Guardamos a belíssima fotografia de ti com bigode, sentada
sozinha numa plateia vazia construída com as velhas cadeiras do Teatro
Esther de Carvalho em Montemor-O-Velho. As palavras de Irene Lisboa
e o teu timbre tão característico ressoam ainda na nossa mente quando
te vemos rodeada pelos fantasmas que se sentavam à tua volta para
falarem contigo nesse espectáculo Mão Cheia de Nada (1995).

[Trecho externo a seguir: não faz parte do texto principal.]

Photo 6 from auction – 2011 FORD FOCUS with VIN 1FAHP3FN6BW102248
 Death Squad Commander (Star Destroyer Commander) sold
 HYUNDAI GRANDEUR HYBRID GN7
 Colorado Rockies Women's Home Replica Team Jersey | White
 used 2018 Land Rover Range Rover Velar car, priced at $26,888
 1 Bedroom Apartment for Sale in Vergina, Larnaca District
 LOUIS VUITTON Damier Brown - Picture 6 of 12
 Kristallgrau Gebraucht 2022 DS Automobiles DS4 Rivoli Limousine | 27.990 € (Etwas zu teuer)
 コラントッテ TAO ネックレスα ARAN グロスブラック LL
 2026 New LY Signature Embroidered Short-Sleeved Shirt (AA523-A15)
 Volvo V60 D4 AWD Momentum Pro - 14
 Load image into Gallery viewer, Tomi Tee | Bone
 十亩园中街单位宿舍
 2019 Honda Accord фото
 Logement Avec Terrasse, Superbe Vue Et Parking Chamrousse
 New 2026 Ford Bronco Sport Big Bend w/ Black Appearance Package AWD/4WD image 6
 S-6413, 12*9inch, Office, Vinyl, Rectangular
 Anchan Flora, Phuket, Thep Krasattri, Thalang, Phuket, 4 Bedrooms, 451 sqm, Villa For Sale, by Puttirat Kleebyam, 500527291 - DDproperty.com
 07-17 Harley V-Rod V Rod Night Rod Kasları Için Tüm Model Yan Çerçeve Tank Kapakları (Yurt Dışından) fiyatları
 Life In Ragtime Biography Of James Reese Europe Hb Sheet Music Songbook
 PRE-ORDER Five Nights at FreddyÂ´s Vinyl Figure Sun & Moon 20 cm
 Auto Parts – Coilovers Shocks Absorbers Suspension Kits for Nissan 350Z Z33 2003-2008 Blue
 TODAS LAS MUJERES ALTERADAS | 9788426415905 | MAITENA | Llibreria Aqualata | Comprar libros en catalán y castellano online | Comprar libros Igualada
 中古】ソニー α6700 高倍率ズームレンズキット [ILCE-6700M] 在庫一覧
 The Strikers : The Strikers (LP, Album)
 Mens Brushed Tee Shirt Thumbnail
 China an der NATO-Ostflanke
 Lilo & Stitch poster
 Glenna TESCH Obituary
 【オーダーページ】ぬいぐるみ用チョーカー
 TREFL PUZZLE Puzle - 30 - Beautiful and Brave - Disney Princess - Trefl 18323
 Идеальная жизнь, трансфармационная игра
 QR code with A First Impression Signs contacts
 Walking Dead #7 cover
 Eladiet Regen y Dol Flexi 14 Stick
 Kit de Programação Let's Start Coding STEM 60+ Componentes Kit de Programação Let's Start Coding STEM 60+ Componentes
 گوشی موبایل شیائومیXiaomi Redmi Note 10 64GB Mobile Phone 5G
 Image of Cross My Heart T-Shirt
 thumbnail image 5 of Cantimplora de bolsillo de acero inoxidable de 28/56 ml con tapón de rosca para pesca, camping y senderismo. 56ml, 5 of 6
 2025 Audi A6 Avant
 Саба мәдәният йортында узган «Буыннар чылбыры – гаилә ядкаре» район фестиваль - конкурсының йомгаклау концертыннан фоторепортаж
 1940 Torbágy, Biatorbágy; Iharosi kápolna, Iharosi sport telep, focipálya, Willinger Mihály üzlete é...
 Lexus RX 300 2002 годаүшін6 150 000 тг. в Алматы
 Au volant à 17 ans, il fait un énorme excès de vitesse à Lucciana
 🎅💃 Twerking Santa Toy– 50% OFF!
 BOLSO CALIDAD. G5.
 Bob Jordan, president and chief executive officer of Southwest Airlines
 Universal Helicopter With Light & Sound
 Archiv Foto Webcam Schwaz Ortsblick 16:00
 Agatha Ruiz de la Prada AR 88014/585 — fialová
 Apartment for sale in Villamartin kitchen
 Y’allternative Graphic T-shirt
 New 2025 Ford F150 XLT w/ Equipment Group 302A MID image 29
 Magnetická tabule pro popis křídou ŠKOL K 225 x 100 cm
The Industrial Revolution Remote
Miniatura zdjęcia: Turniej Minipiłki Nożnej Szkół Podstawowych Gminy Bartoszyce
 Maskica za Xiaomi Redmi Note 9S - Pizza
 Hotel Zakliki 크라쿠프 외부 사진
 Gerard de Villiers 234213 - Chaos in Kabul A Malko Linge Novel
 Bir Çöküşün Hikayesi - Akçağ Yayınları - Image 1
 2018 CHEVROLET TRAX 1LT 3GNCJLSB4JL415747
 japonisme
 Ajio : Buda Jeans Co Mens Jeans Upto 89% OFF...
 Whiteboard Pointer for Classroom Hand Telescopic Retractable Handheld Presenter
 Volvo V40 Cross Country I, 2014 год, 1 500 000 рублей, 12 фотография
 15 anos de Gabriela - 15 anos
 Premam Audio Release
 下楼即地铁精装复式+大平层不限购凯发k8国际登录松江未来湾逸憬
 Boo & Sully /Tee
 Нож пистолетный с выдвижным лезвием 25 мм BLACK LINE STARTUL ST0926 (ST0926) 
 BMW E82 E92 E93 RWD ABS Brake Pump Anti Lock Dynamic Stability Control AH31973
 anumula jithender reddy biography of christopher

Emocionante
desempenho que uma pessoa familiar da escritora nos confirmou como
parecendo ser o fantasma da própria Irene Lisboa.
Não esquecemos a
tua curiosidade artística quando te decidiste juntar a um projeto tão
peculiar como o do Teatro O Bando em 1990. Nunca dizias a tua idade, ou
melhor, mentias descaradamente. Hoje é fácil fazer as contas. Em 1990
tinhas já 69 anos. Nesse ano criámos contigo dois espetáculos
paradigmáticos: A Terceira Margem Do Rio onde dizias o belíssimo texto
de João Guimarães Rosa e Os Bichos onde num banco de jardim, pendurada a
quatro metros de altura, representavas a personagem da “Cigarra”
inventada por Miguel Torga. Era a primeira vez que te vias confrontada
com um Teatro que exigia saber-se fazer escalada. Não recuaste.
Assustaste-te com o teu corpo pesado e nós com a tua aflição mas, quando
pousaste os pés ao fundo da falésia disseste: rejuvenesci vinte anos.
Tinhas razão. Quando superamos os limites que a nós próprios impomos,
ganhamos uma nova vida como dizem que os gatos ganham.
Andaste toda
desembaraçada no sidecar de uma mota em Merlim (2000) quando fazias essa
tua provocante Morgausa. Tu, que não gostavas de ir à praia e até te
faltava o ar quando molhavas os pés, andaste com água pelo pescoço no
lago da Gulbenkian a gritar poemas de António Ramos Rosa. Este Borda
D’Água (1992) que enaltecia a entidade mítica da água também aconteceu
na Exposição Mundial de Sevilha no meio de uma multidão que parava sobre
as pontes para te ver passar em cima daquela estranha e inesperada
jangada com cem metros de comprimento puxada ao longo do canal por uma
única personagem.
Também viajaste num comboio a vapor fazendo o
papel de uma das três manas do padre Simas que constam em Gente Singular
(1993). Delicioso e absurdo texto de Manuel Teixeira Gomes que
convocava um conjunto de distintas personalidades algarvias para
inaugurarem o primeiro autoclismo. O público tinha de escolher uma das
três carruagens que partiam de Entrecampos para Campolide e tu tinhas
direito a uma carruagem do princípio do século só para apresentar essa
tua vibrante personagem da “Sebastiana”. O teu trabalho de atriz
manifestava-se aqui, mais uma vez, como tu bem sabias: nunca mais o
poderíamos esquecer.
Adelaide João, querida amiga, também não
esquecemos que tu nunca te esquecias dos aniversários dos outros e dos
filhos dos outros numa altura em que não existiam redes sociais para
automaticamente nos avisarem dessas datas. Abnegada trabalhadora,
resiliente operária da cultura, nunca deixaste de refilar quando te
apetecia e de tomar uma posição inequivocamente de esquerda quando era
necessário.
Grande mulher, carismática atriz, no Teatro O Bando e no coração dos teus amigos terás sempre reservado o teu lugar».